About this exercise
Copy exactly the lines of the material below that fall between the line with "3 bedroom semi" and the line with "Michelle Obama, un", both of those lines included; pictures stay out.

----

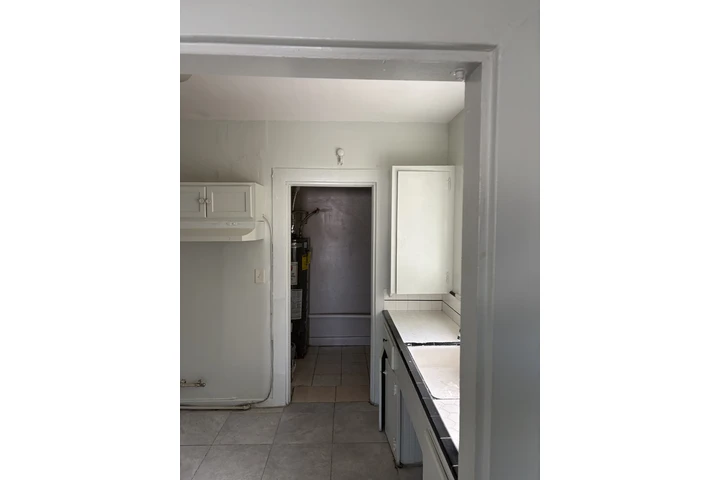 $875 : 1 bedrm in bakersfield for ren image 3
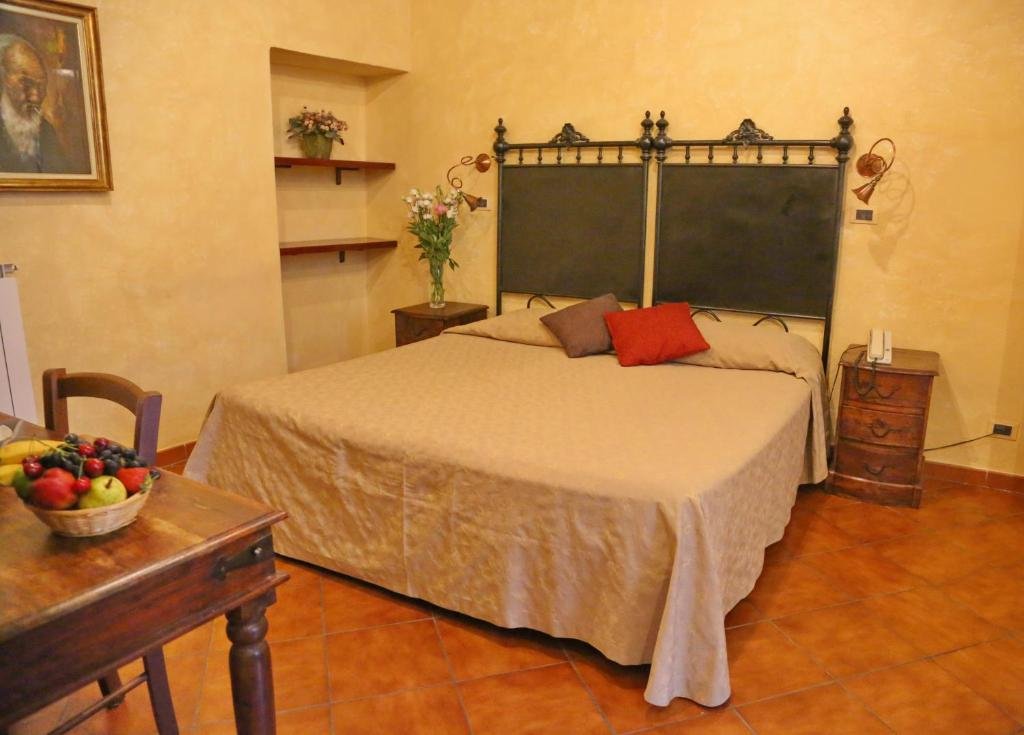 HOTEL ITALIA CORTONA-guestroom-GUEST ROOM.jpg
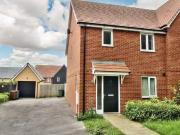 3 bedroom semi detached house for rent in Smock Row,...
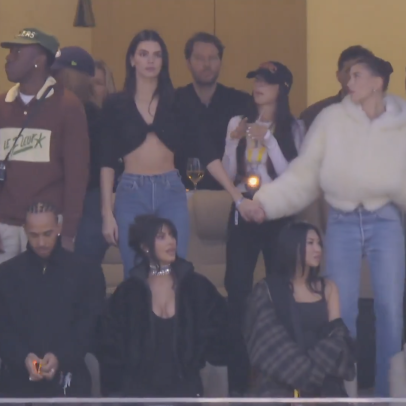 Kendall Jenner dança constrangida no halftime do Super Bowl 2026 de Bad Bunny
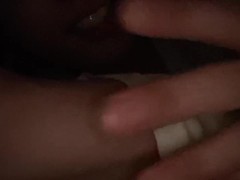 【オナ電指示動画②】我慢出来たかな？真っ暗なベッド、自分の身体を焦らしな - Screenshot 5 of 16 - Masturbate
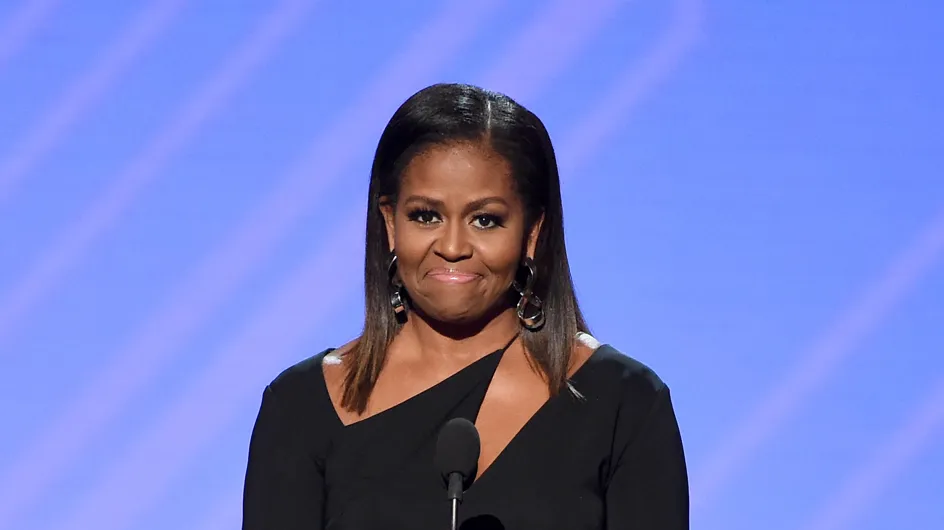 Michelle Obama, un retour remarqué dans une robe noire moulante très chic (Photos)
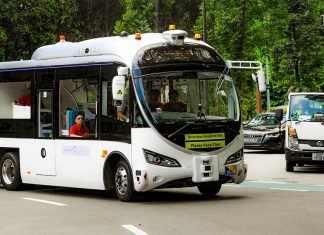 Tehnologia în folosul cetățenilor – autobuze autonome circulă de azi pe străzile din Singapore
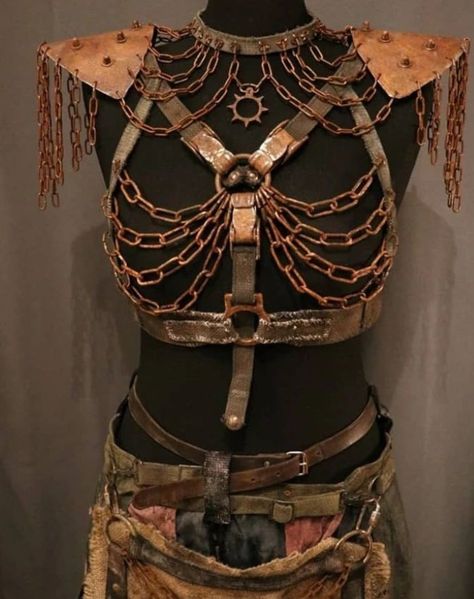 Diy Wasteland Costume, Mad Max Theme Party, Diy Apocalypse Costume, Wasteland Outfit Women, Post Apocalypse Costume, Post Apocalyptic Costume Women, Wasteland Weekend Costumes, Post Apocalypse Outfit Women, Wasteland Aesthetic Clothes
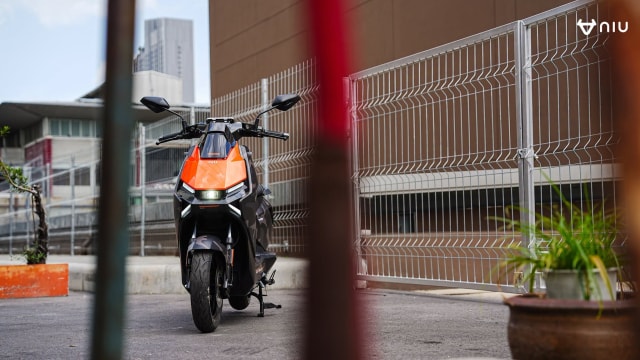 NIU FX Pro Electric Scooter Debuts With Car-Like Tech, Priced at 69,000 Baht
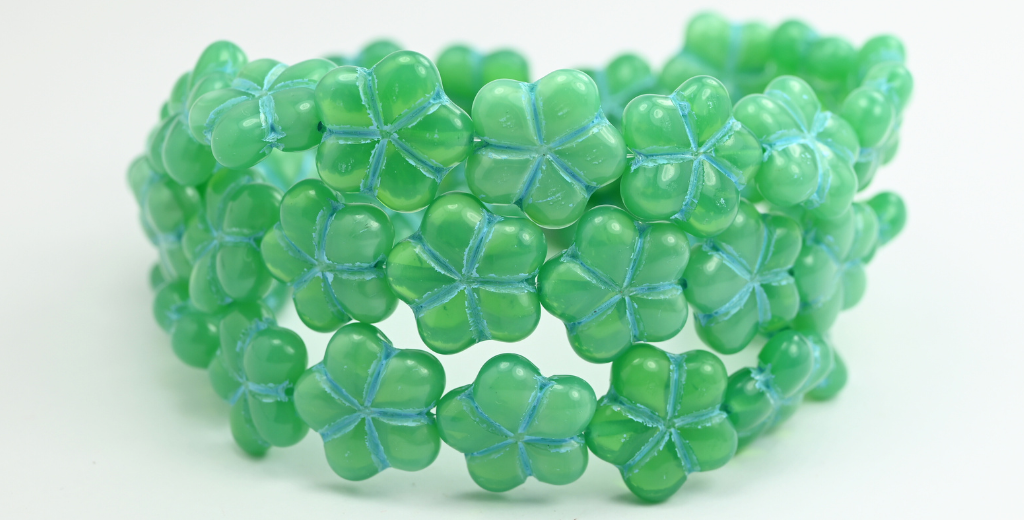 五瓣花压珠,蛋白石浅蓝色内衬 (61100-54308),玻璃,捷克共和国 ~ STRANDED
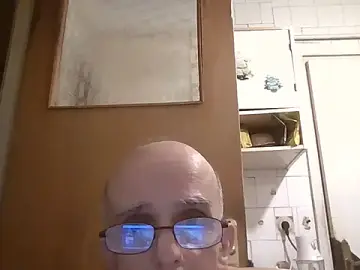 Stripchat Live Sex of mariusica1@xh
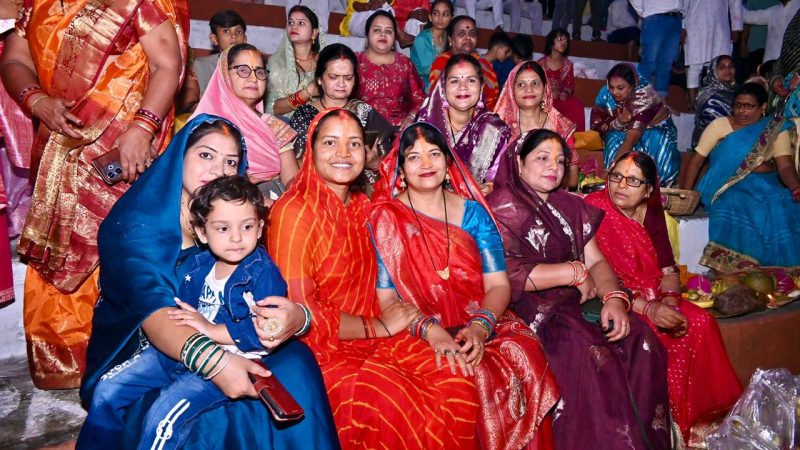 मंत्री श्रीमती लक्ष्मी राजवाड़े ने , सूर्यदेव को अर्पित किया संध्या अर्घ्य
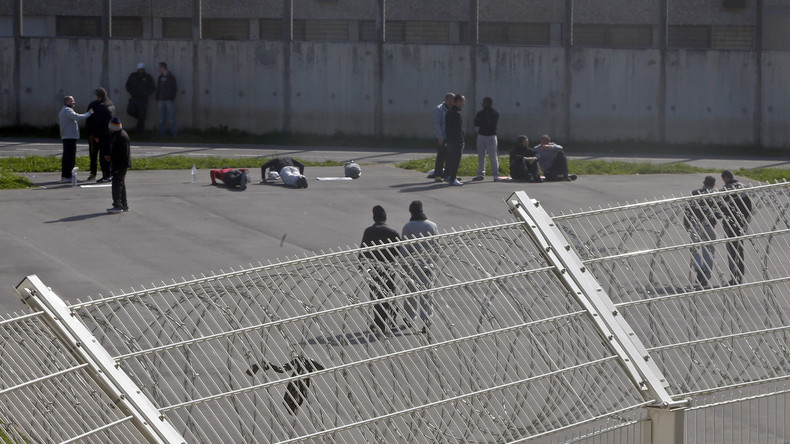 Radicalisation : Urvoas fustige le manque de surveillance dans les prisons
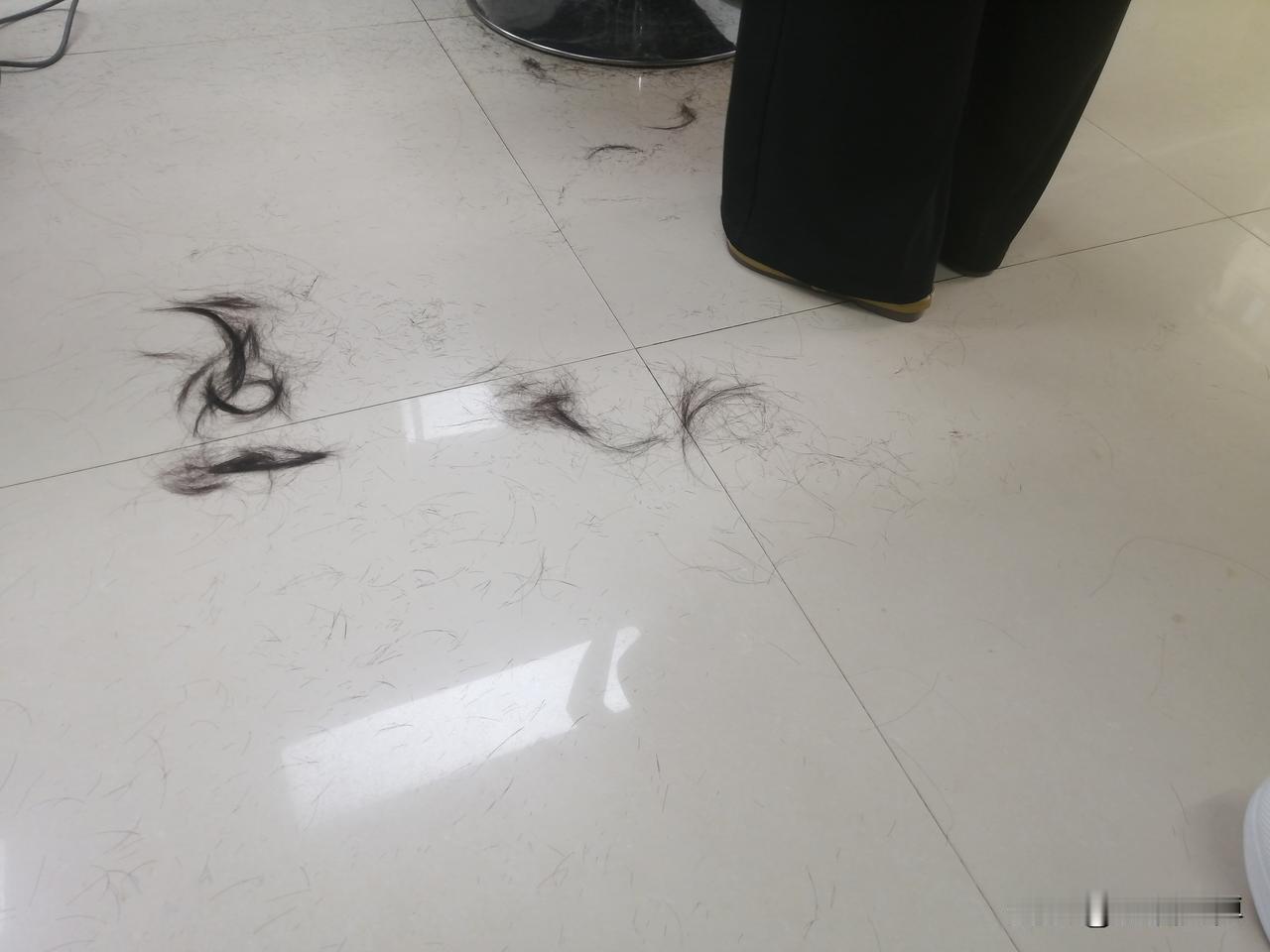 今天来理发，理发师是一位美女，工作很负责。虽然顾客很多，但是她仍然一丝不苟地给每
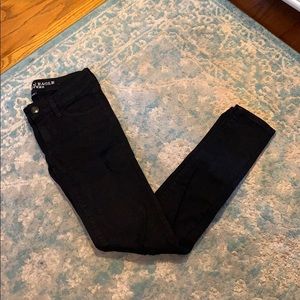 Ripped black jeggings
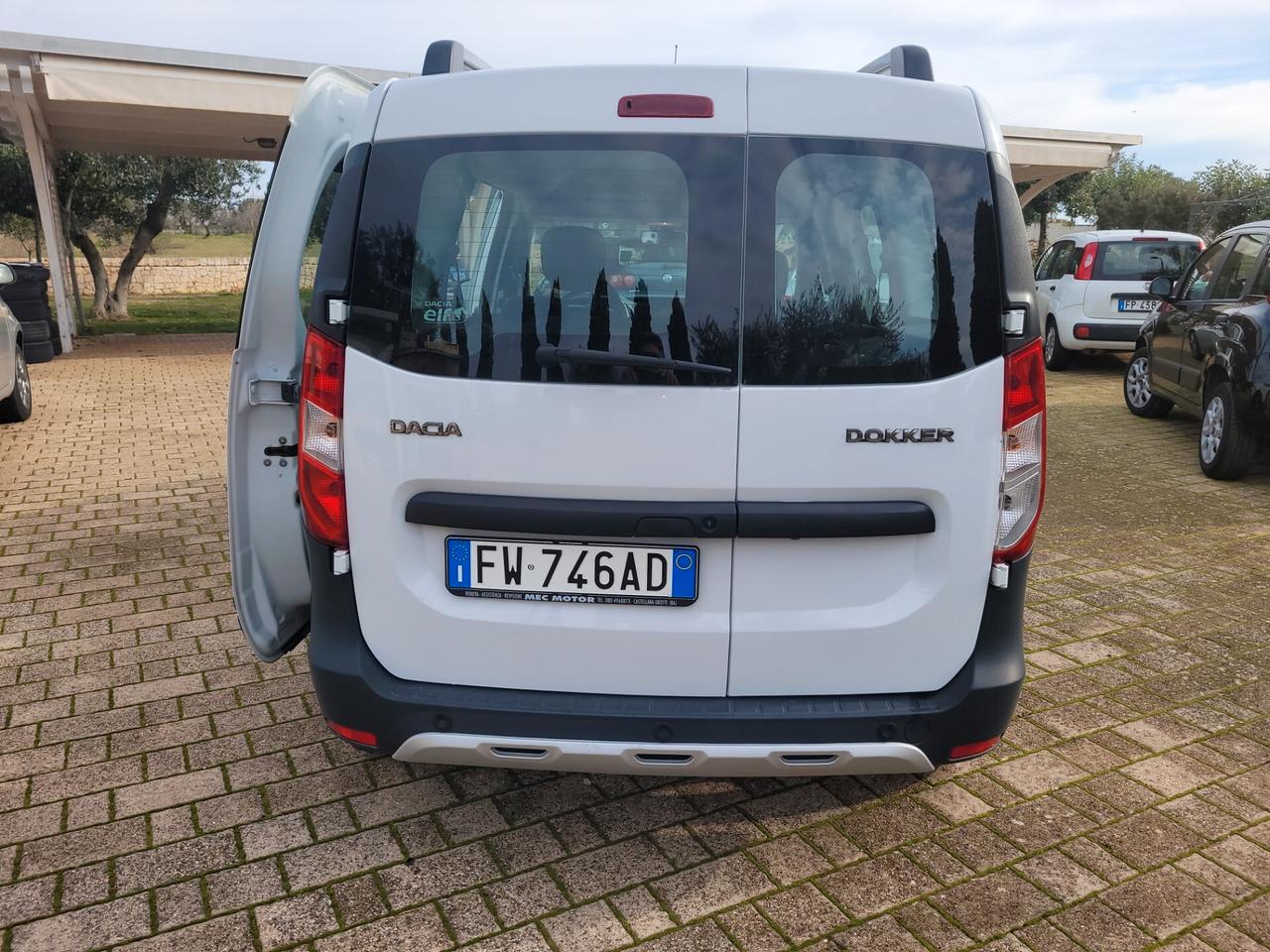 Dacia Dokker Stepway 1.6 8V 110CV GPL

----

The completed task
 3 bedroom semi detached house for rent in Smock Row,...
 Kendall Jenner dança constrangida no halftime do Super Bowl 2026 de Bad Bunny
 【オナ電指示動画②】我慢出来たかな？真っ暗なベッド、自分の身体を焦らしな - Screenshot 5 of 16 - Masturbate
 Michelle Obama, un retour remarqué dans une robe noire moulante très chic (Photos)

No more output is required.